Yemen is one of the least tax-collecting countries in the world, with tax revenues accounting for less than 9 percent of GDP before the war, compared to an average of 17.7 percent in developing countries with similarly sized economies.[3] Over the years, the state has sought to adopt reforms aimed at increasing the share of tax revenues to total public revenues; however, taxes remained below 30 percent as an average of the total public revenues from 2010-2015, according to the financial indicators.[4]
Meanwhile, grants and foreign aid accounted for 14.4 percent of total budget revenues from 2012-2014.[5]
Public Spending
Before the current conflict, Yemen’s public sector contributed 45 percent of gross domestic product (GDP), with current (or recurring) expenditures dominating government spending.[6] These budget items included public sector salaries, goods, services, maintenance and debt payments, with fuel subsidies alone accounting for 23 percent of the public budget between 2010-2014.[7] Over this period, current expenditures represented more than 85 percent of total state spending, compared to only 13 percent of expenditure going to capital investment.[8]
Such a lopsided ratio favoring current spending over capital investment is a strong indicator of the government’s poor development efforts prior to the conflict.[9] Sustainable economic development in any post-conflict scenario will almost certainly be undermined if capital investment spending does not receive an increased share of total public spending.
Prior to the ongoing conflict, the government also employed roughly 31 percent of the country’s total labor force.[10] In government budgets from 2010 to 2014, some 42 percent of public revenues were allocated to salaries for some 1.25 million civil and military employees, amounting to Yemeni rial (YR) 75 billion, or 10 percent of GDP.[11] Meanwhile, another 1.5 million Yemenis in the lowest income bracket received quarterly social subsidy distributions totalling YR23 billion.[12]
Consistent Budget Deficits
The government has also consistently run budget deficits, which increased from YR266 billion in 2010 to YR908 billion in 2015.[13] The average annual growth of public debt was 13.5 percent from 2010-2014, with public debt then increasing substantially from YR4.74 trillion in 2014 (equivalent to about US$22 billion) to YR5.56 trillion (US$25 billion) in 2015.[14]

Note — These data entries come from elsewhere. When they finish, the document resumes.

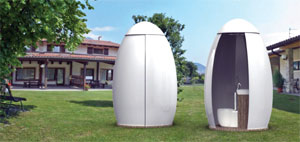 UOVO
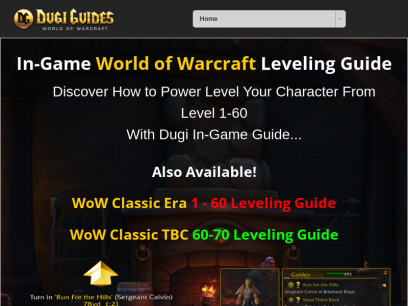 ultimatewowguide.com.png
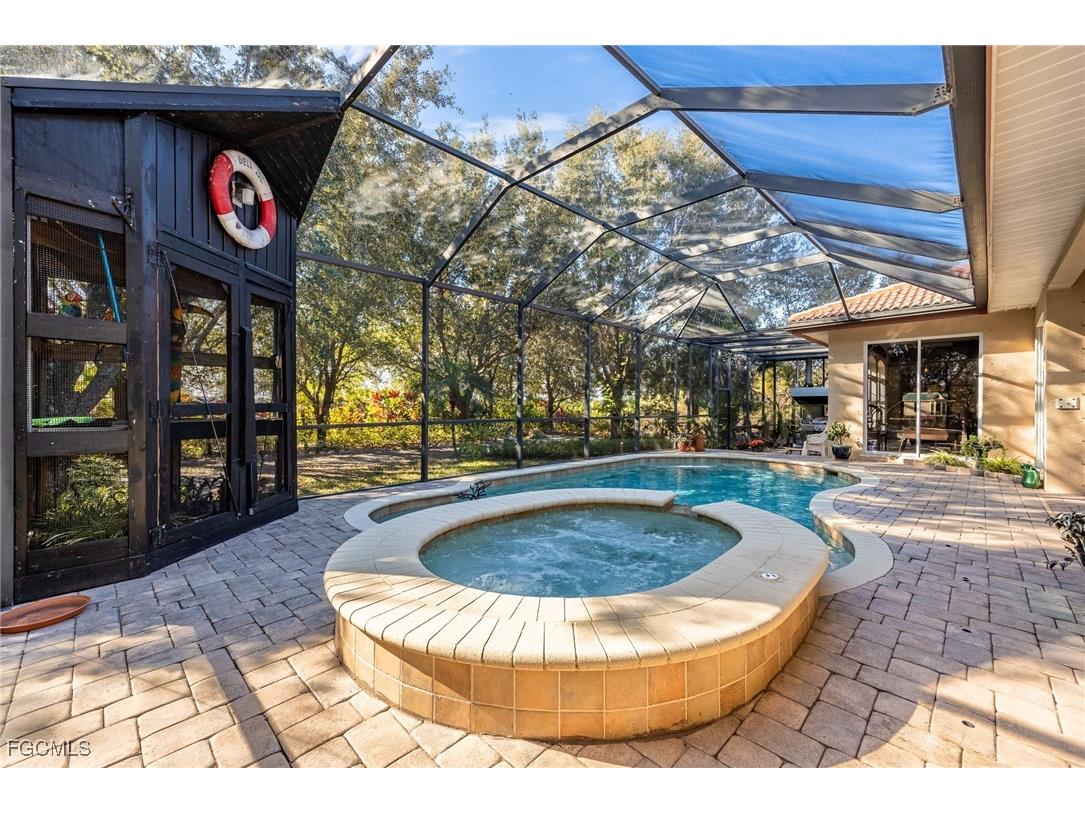 22912 Dayflower Lane Alva FL 33920 2026004579 image41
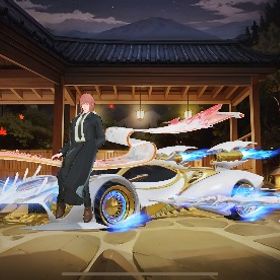 超安心‼️荒野行動引退垢ですっ！ | 荒野行動のアカウントデータ、RMTの販売・買取一覧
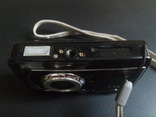 Цифровой фотоаппарат UFO DS 55, фото №5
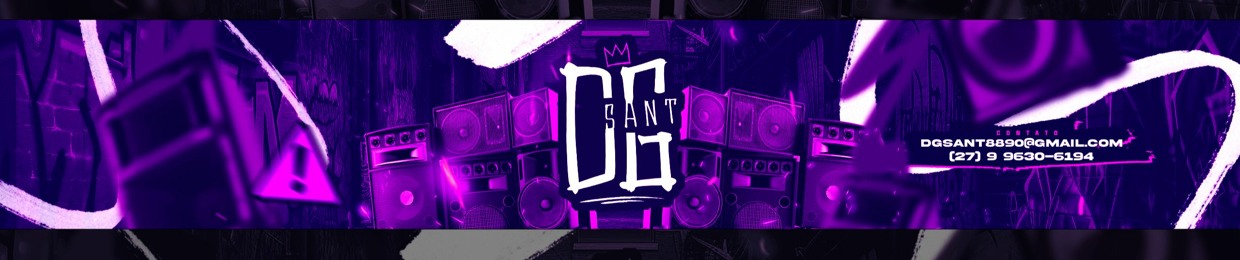 DG Sant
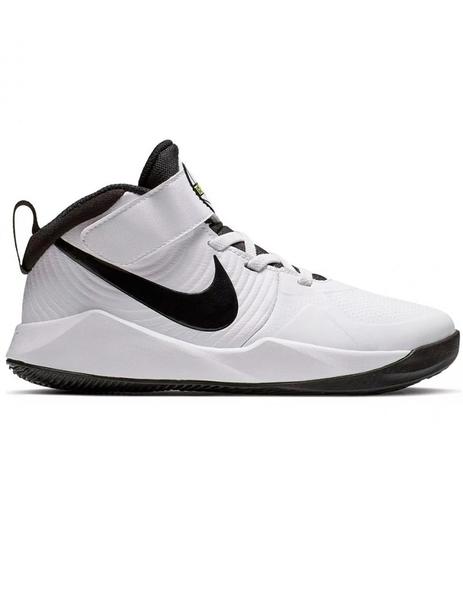 zapatillas nike baloncedto zapatillas nike baloncedto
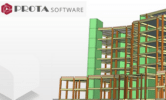 دانلود ProtaStructure Suite Enterprise 2026 v9.0.250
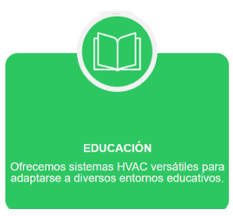 Chillers en Monterrey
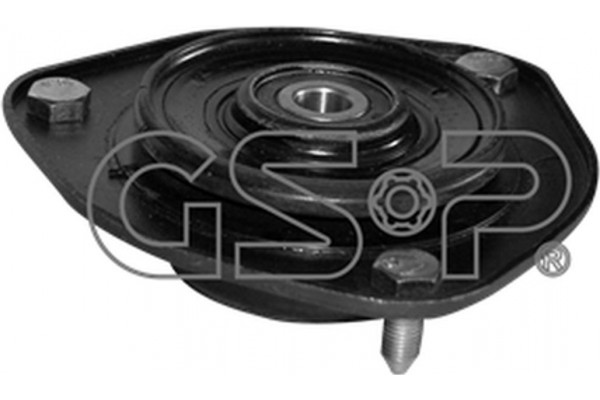 Gsp Βάση Στήριξης Γόνατου Ανάρτησης - 514222 Gsp Βάση Στήριξης Γόνατου Ανάρτησης - 514222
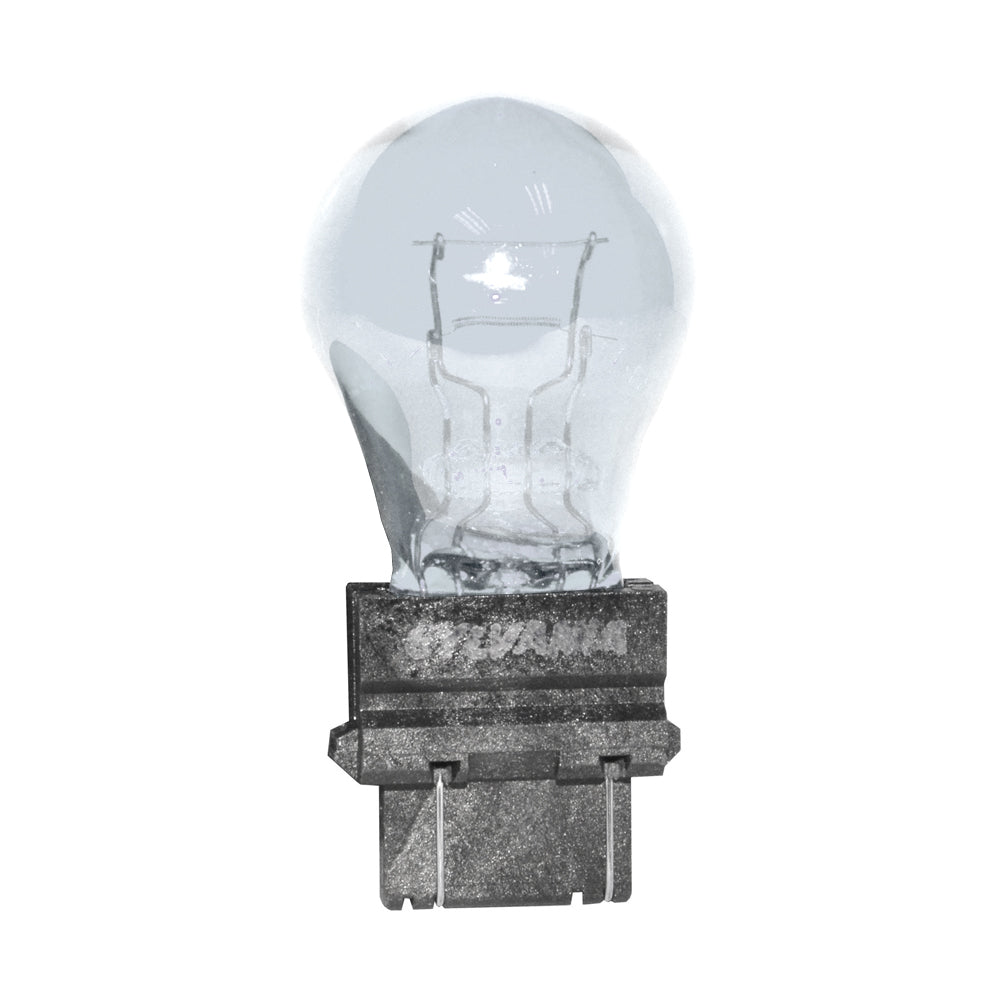 4157Ll 28/8 Daytime Running Bulb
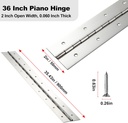 marine-grade-heavy-duty-piano-hinge-36-i-2.jpg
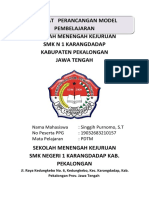 3. Sintak 3.3 DISCOVERY LEARNING (DL).docx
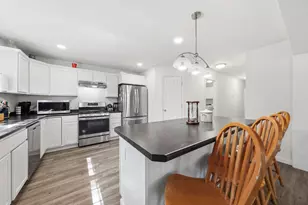 17 N Rdg Rd, Cushing, ME 04563 - Photo 10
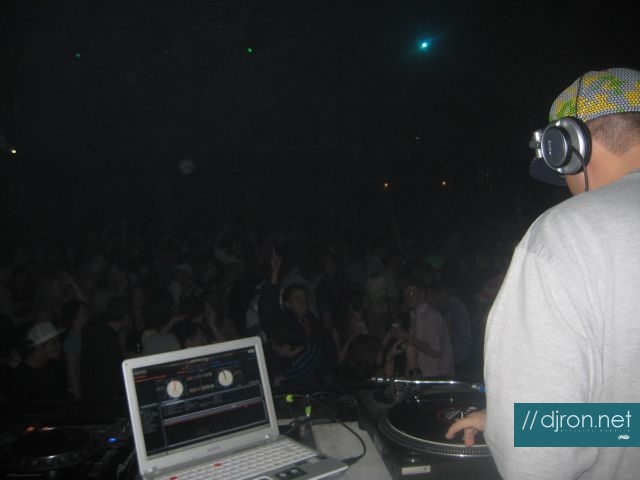 img 019.jpg
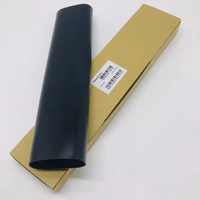 Courroie de transfert IBT d'occasion en gros pour photocopieur Sharp MX-2310U 2610 2614 2615 2616 2640 3111 3115 3116 3140 3610 3640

The government’s consistent operating deficits have been funded through issuing domestic debt instruments, such as government bonds and treasury bills, borrowing from the Central Bank of Yemen (CBY), and foreign loans. Given the relatively high rate of return on domestic debt instruments,[15] the Yemeni government’s expansionary borrowing policies have also attracted the vast majority of commercial bank investments, which may otherwise have gone toward private sector development.
The Conflict’s Impact on Public Finances
In August 2014, the Yemeni government, under pressure from the International Monetary Fund (IMF) during negotiations for a US$560 million loan, issued a decree to repeal the public fuel subsidy. While being one of the largest expenses on the government budget, the repeal was ill-planned and failed to balance fiscal needs with social impacts: fuel prices jumped immediately and the public saw none of the proposed plans to redistribute and reinvest the promised revenue savings. As a result, the move was deeply unpopular. It immediately paved the way for the armed Houthi movement to launch a campaign lambasting the government and to veil its armed seizure of the capital the following month as part of a populist agenda. Public revenues have since declined steadily. In 2014, Yemen’s energy exports plunged by 77 percent to US$1.35 billion from a 10-year average of US$5.76 billion between 2004 and 2013 and never recovered after that.[16]

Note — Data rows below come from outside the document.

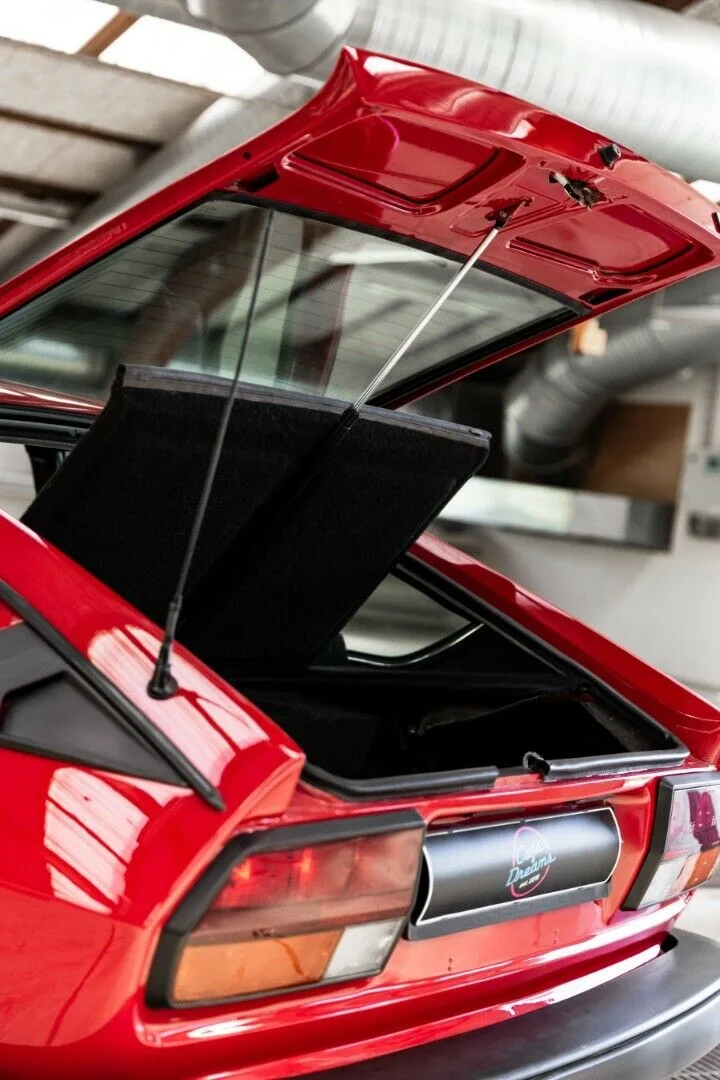Alfa Romeo GTV6 (12)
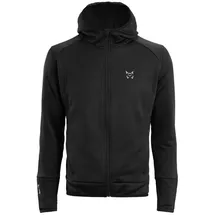 Altus Tahoma Jacke Herren Schwarz M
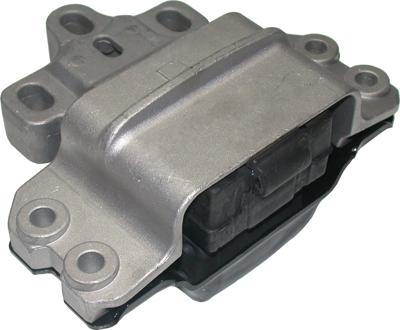 Birth 51106 - Suport motor aaoparts.ro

As the conflict intensified in 2015, energy exports were totally suspended by April 2015, which had represented the majority of Yemen’s exports and government revenue in previous years. From 2011 to 2013, Yemen’s energy exports accounted for more than 90% of the country’s total exports, contributing an average of 40 percent to the total government revenue – excluding government revenue from grants .[17] [18]
Furthermore, grants and foreign aid were frozen, which had provided significant support post-2011. The war also precipitated general economic and state collapse, leading to a decline in tax revenues. The public revenue ratio (ie. total public revenues/GDP) was 24 percent just prior to the conflict; by 2018 it had declined to 8 percent of the GDP.[19]

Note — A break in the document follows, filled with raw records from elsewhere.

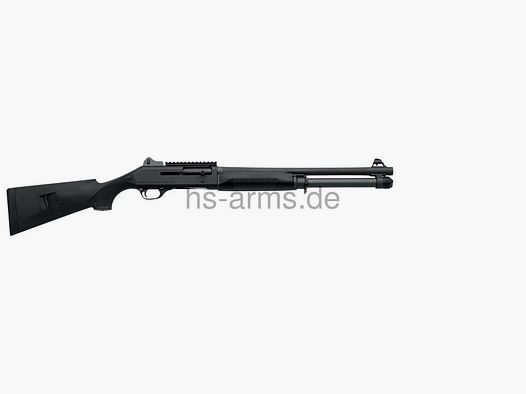 Bennelli Benelli M4 hunting stock - 51cm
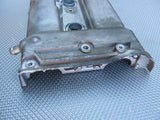 94 95 96 Mitsubishi 3000GT NA OEM Rear Engine Valve Cover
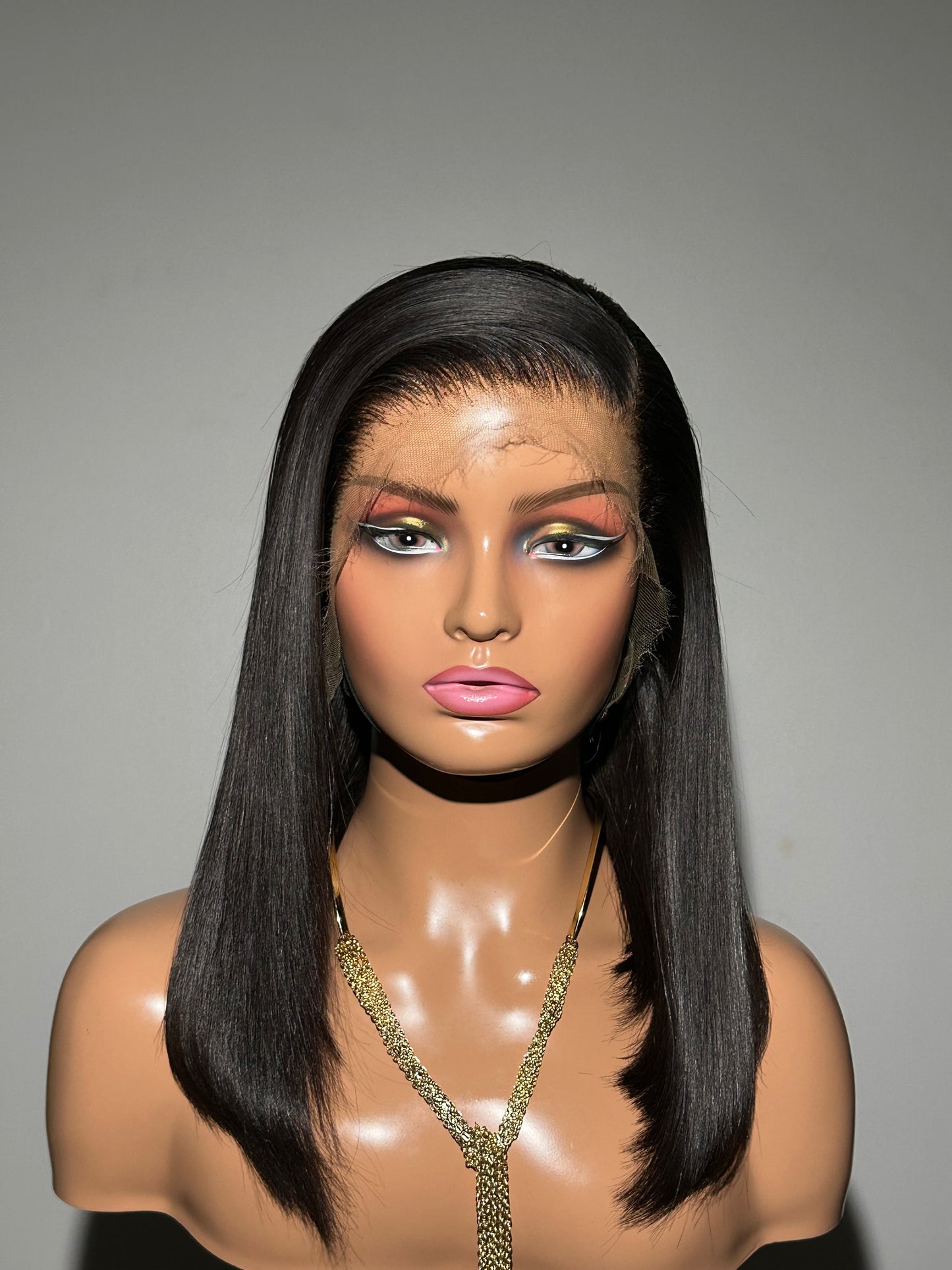Alessia unit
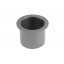 Teflon bushing 008551.0 suitable for Claas harvesters and balers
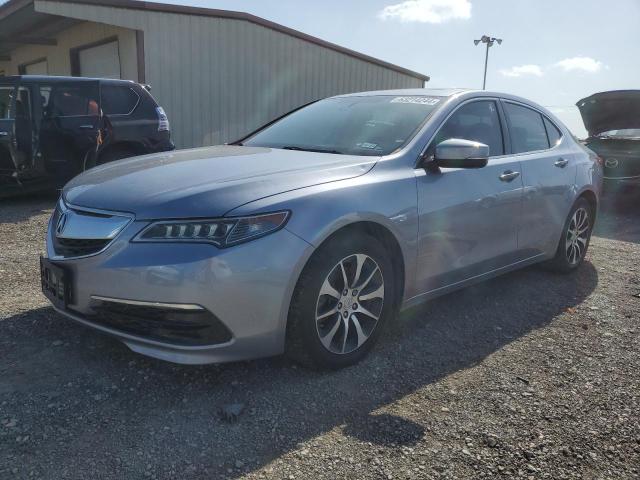 acura tlx 2016 19uub1f33ga002091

The collapse in public revenues resulted in a decrease in public expenditure of 36 percent between 2014 and 2016.[20] This involved the suspension of social benefits to 1.5 million of the poorest households in the country in 2015, the total suspension of expenditures on development projects, and declining spending on the operating costs of public services such as education, health and water, all of which exacerbated the humanitarian crisis. An escalating liquidity crisis led to the suspension of salaries for hundreds of thousands of people on the public payroll in August 2016.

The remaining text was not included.